* **Exercise directions**
From the listing that follows, reproduce only the lines from the one holding "TRS CORAL HOTEL CANCUN MEXICO POOL FIRE PIT" through the one holding "2022 nuevo tipo", both included, with no pictures.

* **Excerpted records**
►

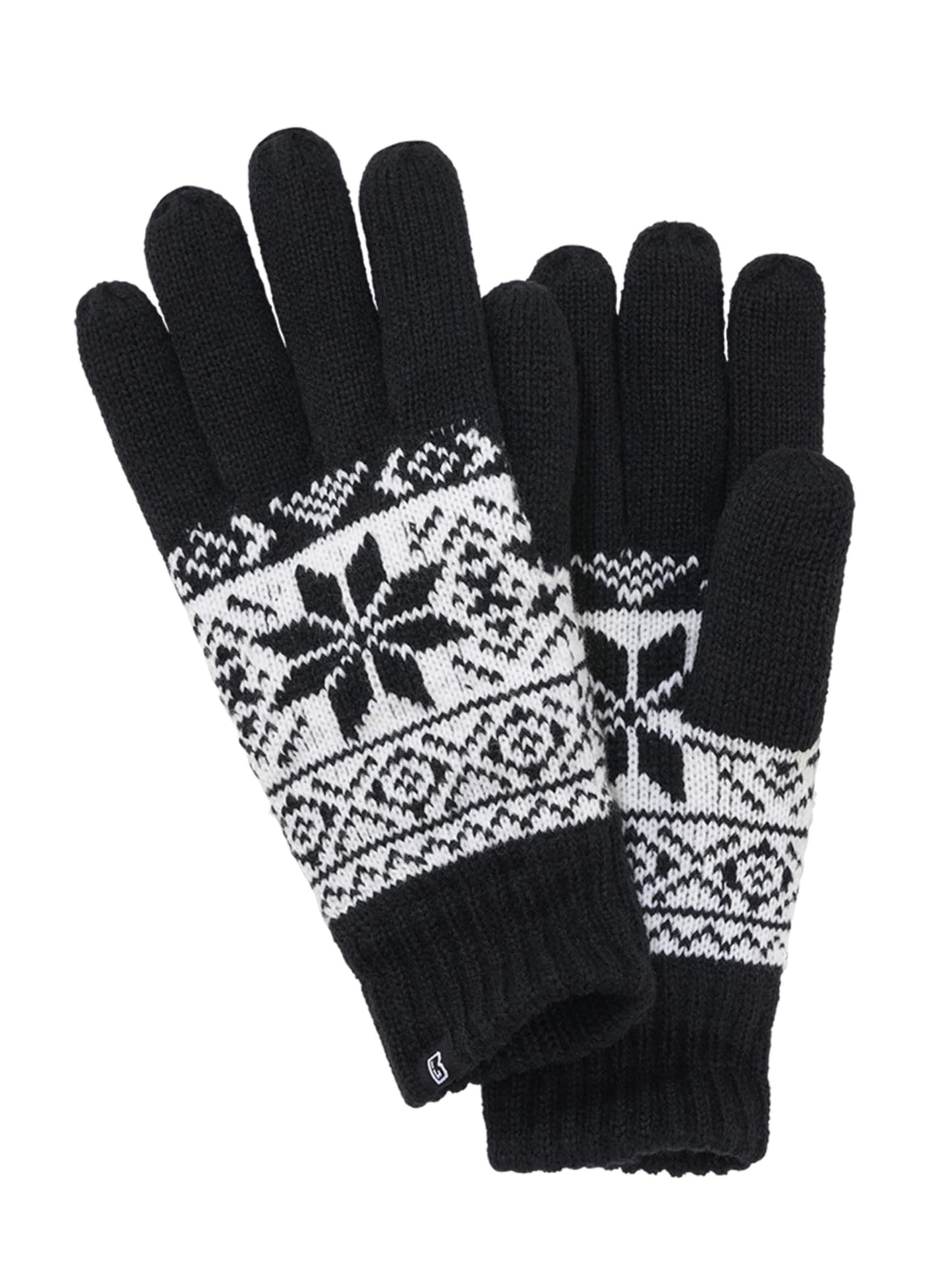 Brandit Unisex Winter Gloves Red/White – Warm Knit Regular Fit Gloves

◄
►

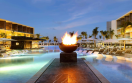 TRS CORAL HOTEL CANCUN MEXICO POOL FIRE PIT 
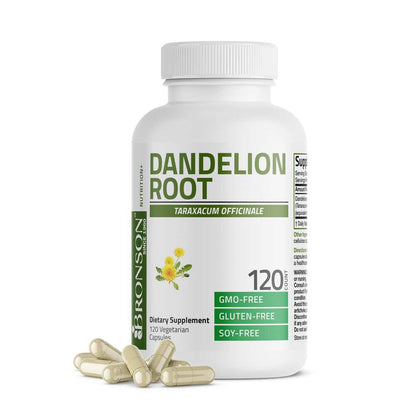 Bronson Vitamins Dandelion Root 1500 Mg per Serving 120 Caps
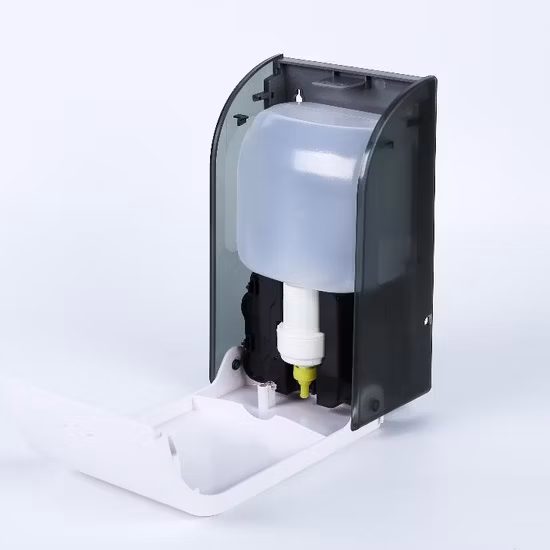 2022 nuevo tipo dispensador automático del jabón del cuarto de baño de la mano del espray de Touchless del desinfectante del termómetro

◄
►

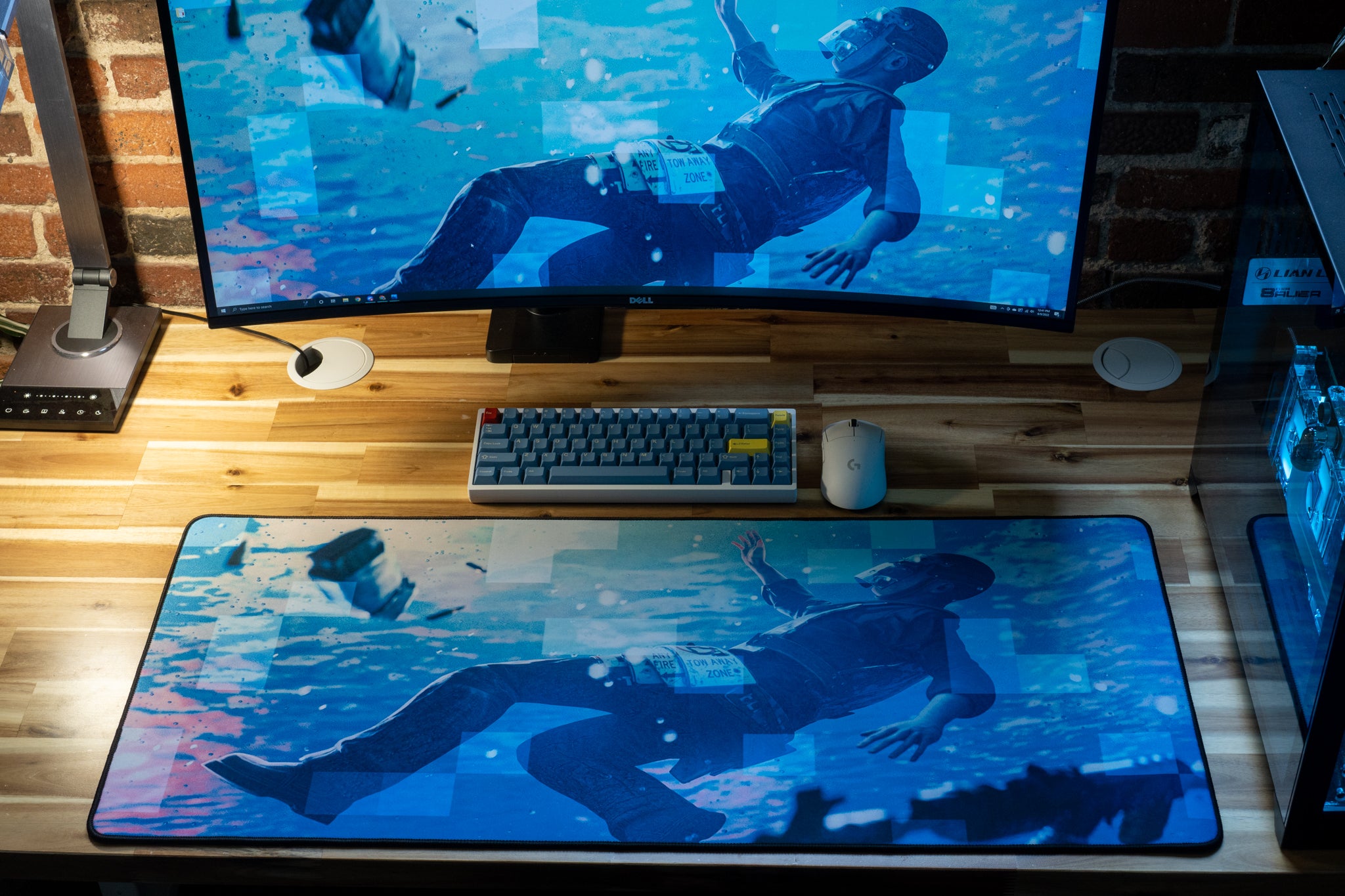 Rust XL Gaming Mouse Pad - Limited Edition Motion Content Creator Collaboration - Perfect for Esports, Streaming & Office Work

◄

* **Output below**
 TRS CORAL HOTEL CANCUN MEXICO POOL FIRE PIT 
 Bronson Vitamins Dandelion Root 1500 Mg per Serving 120 Caps
 2022 nuevo tipo dispensador automático del jabón del cuarto de baño de la mano del espray de Touchless del desinfectante del termómetro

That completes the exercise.